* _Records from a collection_
- - -

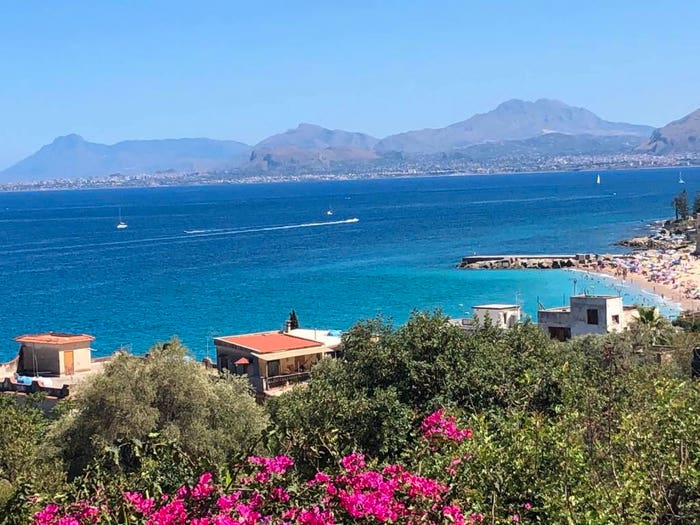 Casa con 6 locali in vendita in Lungomare Cristoforo Colombo, Vergine Maria, Palermo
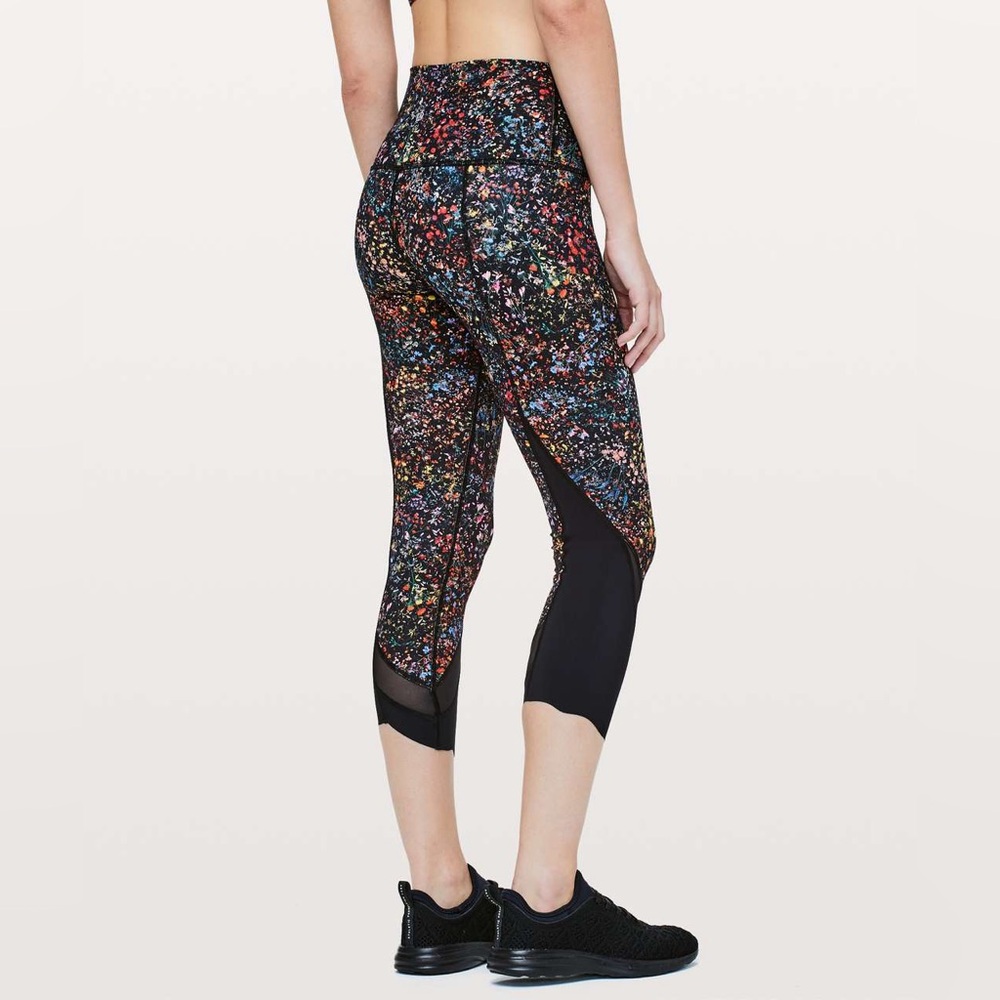 Lululemon Wunder Under High Rise Tight Womens 6 Crop Scallop 24” Special Edition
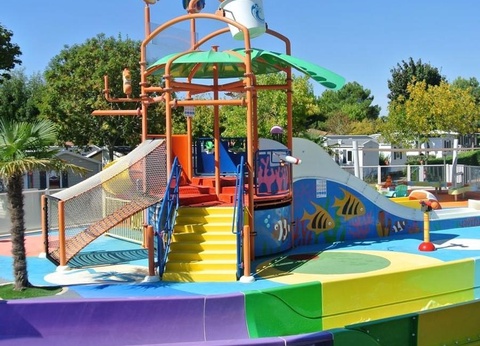 Camping Club Les Brunelles 5* - 12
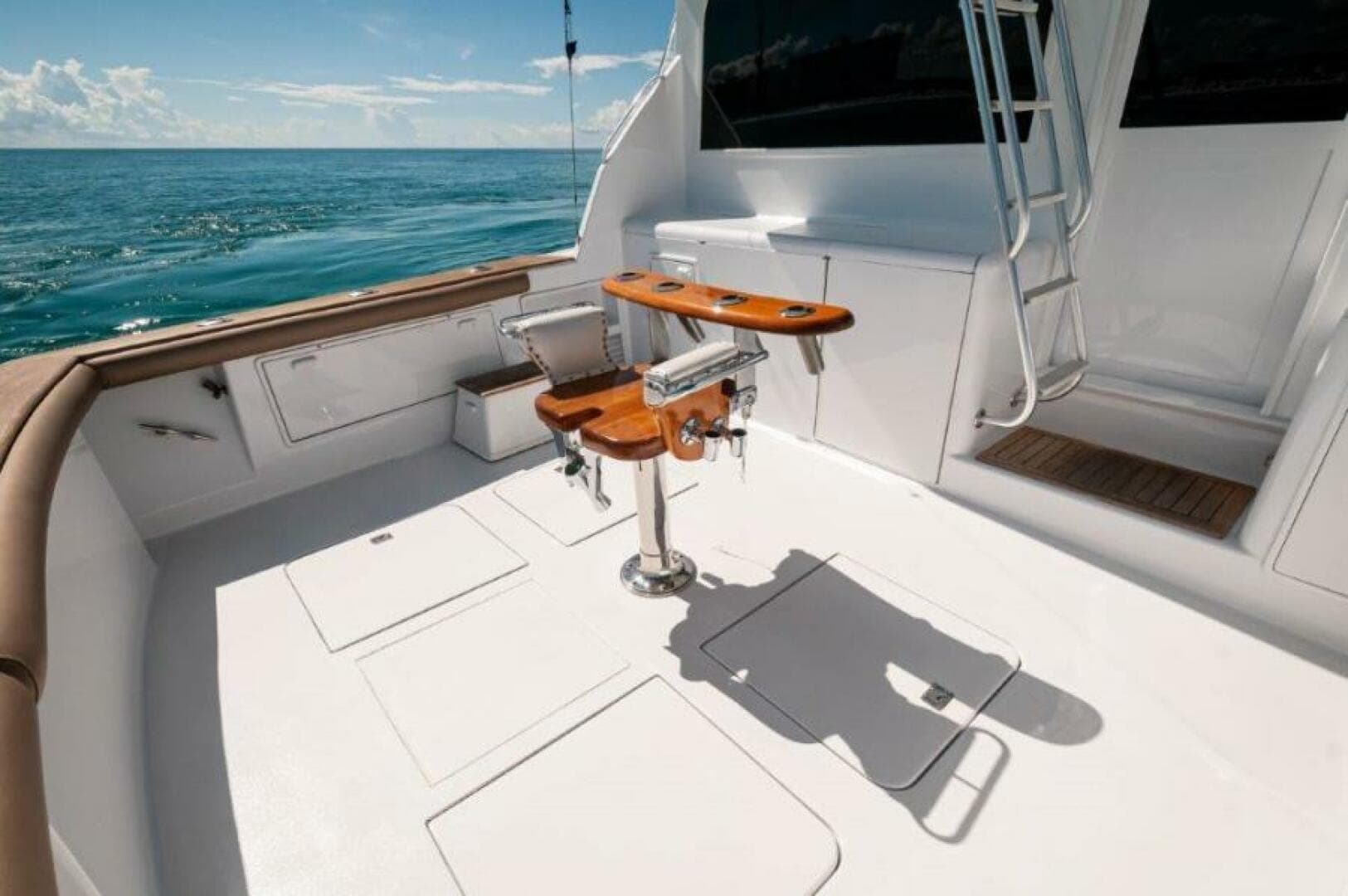 1998 Ocean Yachts 48 Super Sport  Cockpit 5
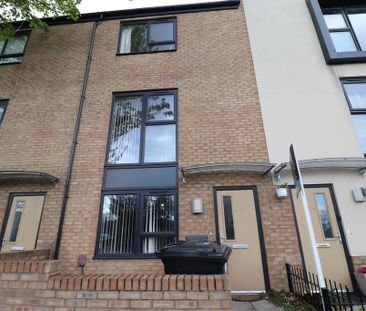 4 bedroom terraced house to rent - Photo 3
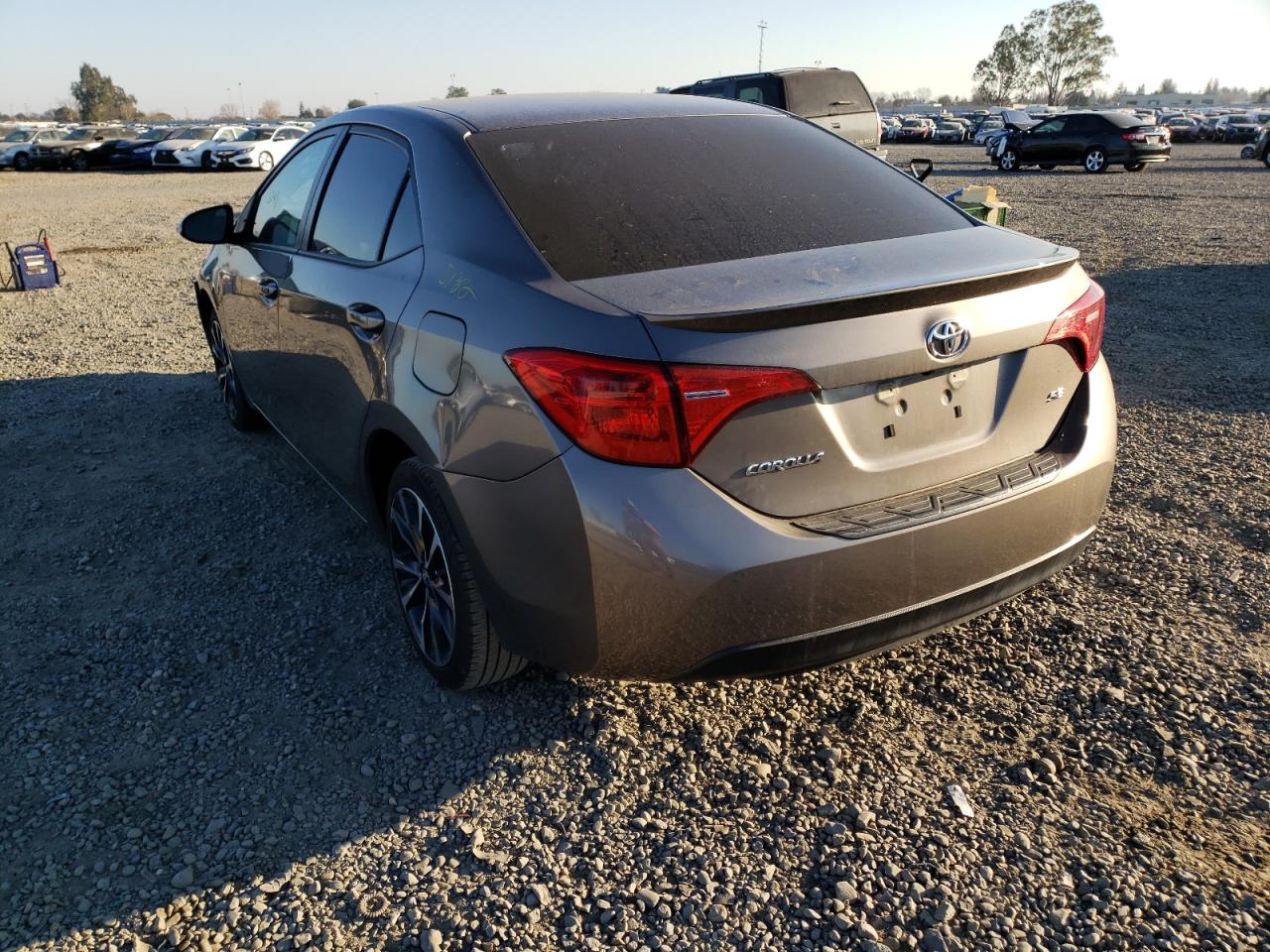 Photo 3 from auction – 2018 TOYOTA COROLLA L with VIN 5YFBURHE1JP854293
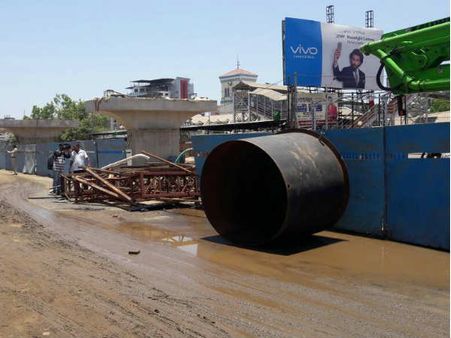 ભરૂચના ગોલ્ડન બ્રિજ પાસે પાણીની ટાંકી થઇ ધારાશાયી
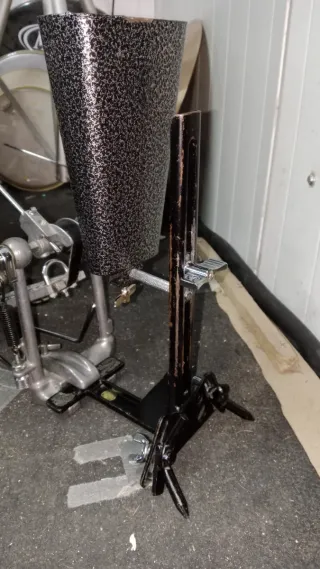 Soporte Cencerro con Pedal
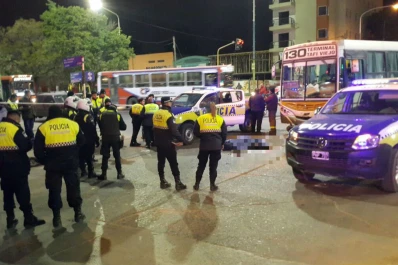 Un agente de la Policía murió atropellado por un colectivo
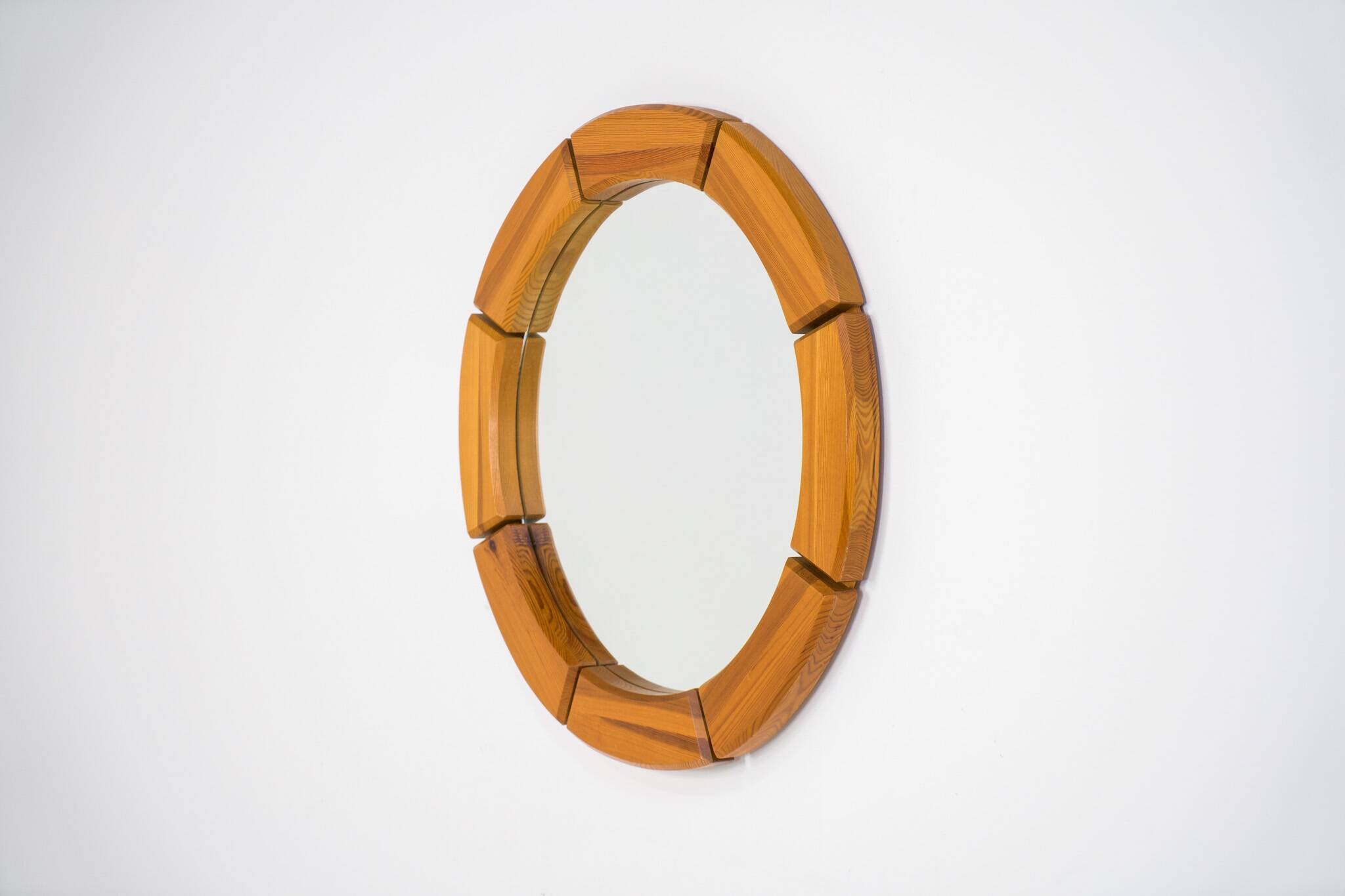 Sculptural wall-mirror in solid pine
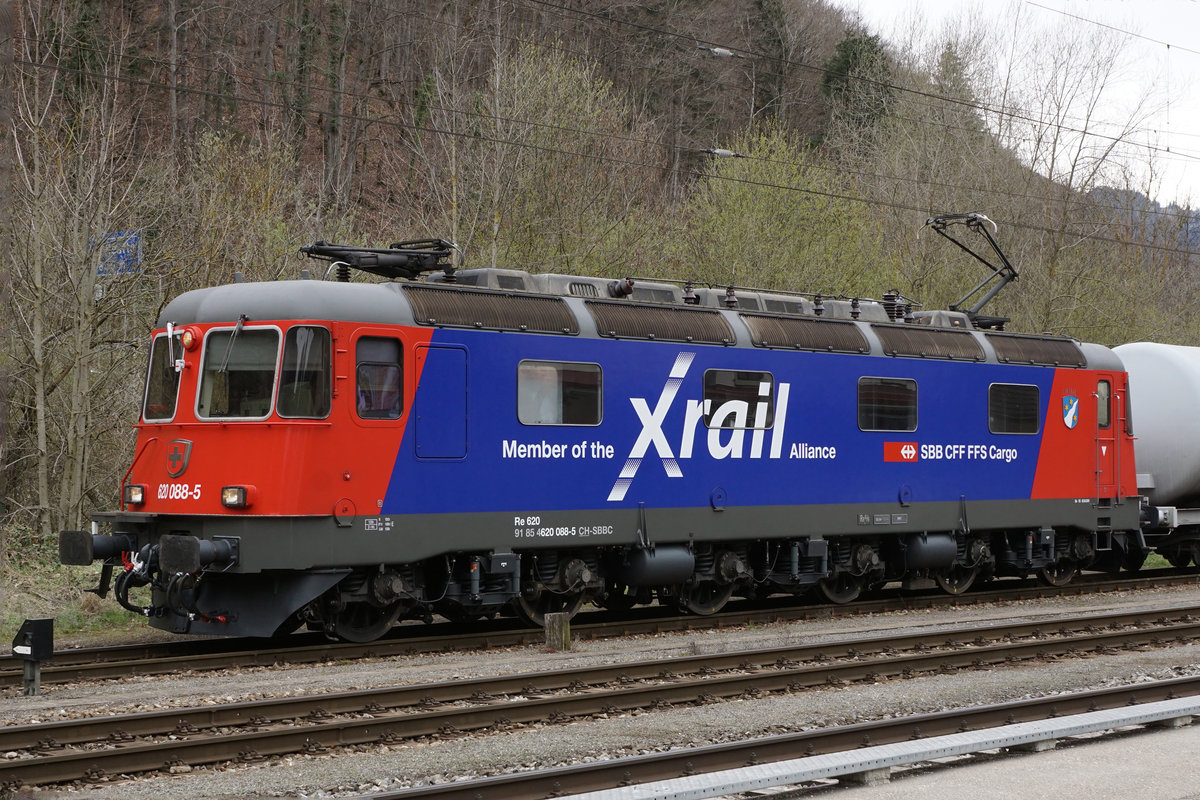 XRAIL auf dem neusten technischen Stand nach dem Velassen vom Industriewerk Bellinzona.
Die Re 620 088-5  LINTHAL  mit neuem Anstrich in Reuchenette - Péry am 16. April 2019.
Foto: Walter Ruetsch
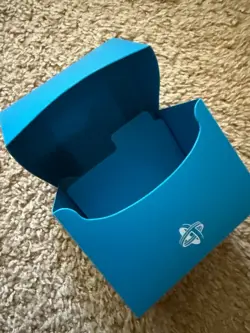 Used Gamegenic Side Holder 100+ XL Deck Box Blue for MTG Pokemon TCG Sideloading - Image 4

- - -

* _EXERCISE GOAL_
A faithful copy of the entries above is needed, one that contains no images.

* _SOLUTION TO THIS TASK_
 Casa con 6 locali in vendita in Lungomare Cristoforo Colombo, Vergine Maria, Palermo
 Lululemon Wunder Under High Rise Tight Womens 6 Crop Scallop 24” Special Edition
 Camping Club Les Brunelles 5* - 12
 1998 Ocean Yachts 48 Super Sport  Cockpit 5
 4 bedroom terraced house to rent - Photo 3
 Photo 3 from auction – 2018 TOYOTA COROLLA L with VIN 5YFBURHE1JP854293
 ભરૂચના ગોલ્ડન બ્રિજ પાસે પાણીની ટાંકી થઇ ધારાશાયી
 Soporte Cencerro con Pedal
 Un agente de la Policía murió atropellado por un colectivo
 Sculptural wall-mirror in solid pine
 XRAIL auf dem neusten technischen Stand nach dem Velassen vom Industriewerk Bellinzona.
Die Re 620 088-5  LINTHAL  mit neuem Anstrich in Reuchenette - Péry am 16. April 2019.
Foto: Walter Ruetsch
 Used Gamegenic Side Holder 100+ XL Deck Box Blue for MTG Pokemon TCG Sideloading - Image 4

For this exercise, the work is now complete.